After a decline, the organization's membership may have grown a startling 24 percent, as it claims. But Mr. Chavis' courtship of the black community's fringes -- militants and leftists -- and their attacks on many groups (particularly Jews) that had contributed significantly to NAACP victories are of course driving those groups away.
In the early days of the civil rights struggle, blacks and their allies had virtually no national political influence. Southern congressmen, who were returned to office term after term by a one-party, one-race political system, used seniority rules to block meaningful civil rights legislation, including anti-lynching bills.
That's why the black leadership turned to the courts. This led to major victories, including Brown vs. Board of Education, the school-desegregation decision handed down 40 years ago last week.
Today, as a consequences of those victories and the civil rights legislation that came afterward, blacks are involved in the political process as never before. There are 40 blacks in Congress and many black mayors, judges, city council and school board members across the country
The NAACP, which played such an important role in bringing political power to blacks, is no longer their principal champion. Many young blacks think it is ineffective and irrelevant to their concerns and needs. This has weakened the organization, which is trying to develop a new identity that will attract them.
Many old issues such as education, jobs and voting remain, and new brutal social problems have developed, especially drugs, violence, single-parent households and other legacies of racism that ravage inner cities. A new generation of blacks has turned for solutions to those whom the NAACP is wooing.
Some such as Mr. Farrakhan and Professor Jeffries of the City University of New York and their racist messages have attracted large followings among blacks who are too young to have been involved in mainstream politics or too politically unsophisticated to think critically about important issues.
An alliance with them may seem to offer a tantalizing opportunity for membership-building and new influence.
But such "gains" -- if they are real -- come only at the price of driving away the interracial support that has long been essential for political success on minority issues.
After the Supreme Court handed down its Brown ruling, the NAACP and other groups, including the Student Nonviolent Coordinating Committee, the Southern Christian Leadership Conference -- led by the Rev. Dr. Martin Luther King Jr. -- and the Congress of Racial Equality helped create the broad front that came to be known as the civil rights movement.
But SNCC and CORE turned separatist, failed to get much support in the black community and have faded, as have the Black Panthers.
It is depressing that those to whom the NAACP has turned are not mere separatists but classic demagogues who try to gain support by pandering to xenophobia -- by preaching anti-Catholicism, anti-Semitism, misogyny and homophobia.

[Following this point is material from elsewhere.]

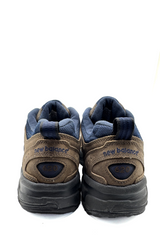 New Balance 620 Trainers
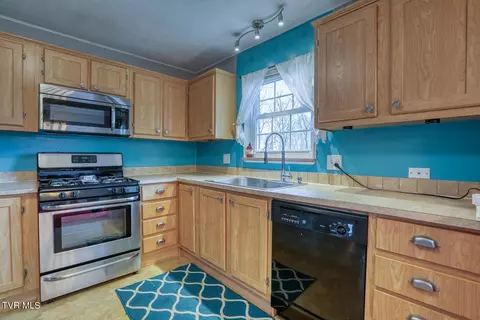 Kitchen - 724 Greenbriar Road Talbott Tn 37877, Talbott, TN 37877 photo 4 of 9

Oddly, the Ku Klux Klan preached these very hatreds. It's as if these demagogues are saying that all the ugly stereotyping that our oppressors have long used against us are valid -- except that they apply not to us but to others.
It will be not only unprincipled but also impractical for the NAACP to keep hitching itself to low-road demagogues. African-Americans soon will no longer be the largest minority. There will be more Hispanics than blacks, and other groups, such as Asians, are rapidly growing.
Blacks who want a role in continuing to perfect the ideal of a pluralistic democracy that respects the rights of all its citizens will need to be part of a broadly based alliance.
I hope that the NAACP will resume its old, honored role. To do so, it will have to broaden its reach, depart from its embrace of racist demagogues who stigmatize and exclude others. It should reconstitute its old friendships. Otherwise, it may not survive and prosper in the new political environment.
Those -- such as Mr. Chavis -- who have lived and suffered for the civil rights movement for so many decades have the chance to achieve their greatest success by teaching the young what they have learned by hard experience.
Black racism is different from black pride -- it is the counterpart of white racism.
Jack Greenberg, professor of law at Columbia University, is author of "Crusaders in the Courts: How a Dedicated Band of Lawyers Fought for the Civil Rights Revolution."